Discussion Optane Client product current and future

[cbn]

Do you have a certain usage scenario in mind, or are you looking for a general low end system?

A good Laptop for browsing that is lightweight with a big screen (using Intel Low Power display technology) and has long battery life.

Google has made high end Browser laptops for years, but I really do hope we see the Linux distros get involved as well. (Linux distro = more privacy than Google).

So with that noted, I do wonder what kind of power consumption there would be for various combinations of DDR4 vs. LPDDR4 vs.
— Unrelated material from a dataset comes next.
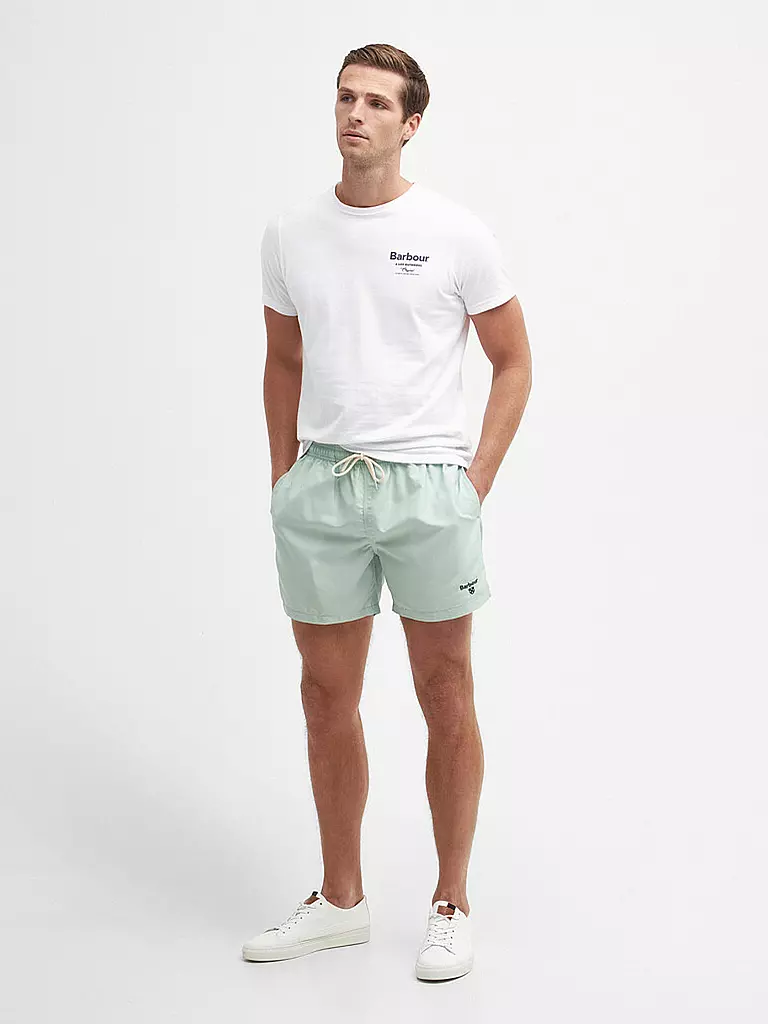 BARBOUR | Badeshorts STAPLE | mint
DDR Optane....at idle and with a bunch of (mostly) static webpages open? (My speculation is that the Optane persistent memory would be far better on power consumption than the DRAM for this type of work)

EDIT: It could even be some kind of wearable device (eg, augmented reality glasses for browsing also using Intel Low Power display technology). In fact, Mozilla has a new browser for this.

We believe that the future of the web will be heavily intertwined with virtual and augmented reality, and that future will live through browsers. That’s why we’re building Firefox Reality, a new kind of web browser that has been designed from the ground up to work on stand-alone virtual and augmented reality (or mixed reality) headsets.

 

[cbn]

Tom's hardware predicts Optane NVMe + 3D QLC NVME:

https://www.tomshardware.com/news/intel-optane-memory-qlc-cache,37223.html

The next shoe to drop could involve adding QLC-based SSDs to a bundle with next generation chipset components that allow Optane Memory to cache NVMe devices. The rumored Intel 660p QLC NVMe SSD looks like the leading candidate for this to bear fruit. The leaked deck shows capacities between 512GB and 2TB but QLC, will need a nudge to gain acceptance due to reliability and endurance concerns.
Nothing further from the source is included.